I'd be interested to know whether the women who object to the term cisgender on the basis that it suggests they are 'subordinate' within their gender feel the same about other human descriptors.
'Cis' is not a descriptor. It pretends to be an adjective but it does not function like one. It is actually a linguistic suicide bomber with no grammatical analogues outside of Orwell's Newspeak, because unlike a true modifier, it doesn't add to the sense of the head noun: it obliterates its meaning.
'Trans' and 'cis' are in no way analogous to adjectives like 'straight' and 'gay', which do not change the definition of the noun to which they apply. By saying that a man is straight, you are not altering the definition of man from adult human male. Similarly 'black' or 'disabled' don't change the definition of 'woman' one iota. A black woman is an adult human female who is also black. A 'trans woman' is... what? Not an adult human female, certainly, so what does 'woman' mean in this context? Thus 'trans' is not functioning as a descriptor of a noun like 'black', it is actually obliterating the meaning of the noun to which it is applied. Including males in the category of woman doesn't just change the definition of 'woman', it renders it meaningless, since the word itself only exists in order to distinguish adult human females from adult human males. Once both sexes can be 'women', the word no longer has any objective meaning - it is simply a label that any human being can apply to themselves, for any reason they choose.
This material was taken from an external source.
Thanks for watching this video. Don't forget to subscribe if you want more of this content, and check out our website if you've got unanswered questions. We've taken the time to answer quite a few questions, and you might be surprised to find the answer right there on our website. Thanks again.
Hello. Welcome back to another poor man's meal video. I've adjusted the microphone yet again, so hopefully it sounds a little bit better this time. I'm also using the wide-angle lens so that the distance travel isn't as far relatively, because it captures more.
So, under this brave new paradigm, what are the rules for deciding who may define the terms under which womanhood and all things pertaining to it may be discussed? Who gets to speak confidently, uninterrupted and with authority over the now ontologically meaningless category of 'woman', and who must apologise and second guess themselves when speaking about it, and confess that their insights can only ever be partial and insufficient? Trans ideology, which claims to be freeing us all from the shackles of biology as a social determinant, actually has a single, immutable standard for deciding this: reproductive biology.
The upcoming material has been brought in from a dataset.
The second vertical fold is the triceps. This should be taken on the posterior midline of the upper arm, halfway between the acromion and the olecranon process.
Under trans doctrine, people with male biology not only have the right to claim to be 'women' based on a self-declared 'feeling', but also to dictate the terms by which people with female biology discuss their womanhood and how they organise around it. On all matters pertaining to the category 'woman' and the language we use to discuss it, people with male biology who claim to 'feel like' people with female biology must be deferred to and catered to and never contradicted by by the people who actually have female biology.
Thus, in the radical, revolutionary world of trans ideology, the female-born second guess themselves, apologise for expressing or even thinking thoughts, lest something they have said offends or excludes the male-born, promise to 'do better' at centring males in their thoughts, words and actions, and most especially at centring them in the political movement that was founded by females to liberate themselves from millennia of oppression by males. The male-born never return even an ounce of this deference and humility in kind, but perpetually scold the females for not catering to them sufficiently, and for failing to show adequate deference and submission. How revolutionary. How very unlike the sexed power dynamics of the past 5000 years. Way to go, queer theorists.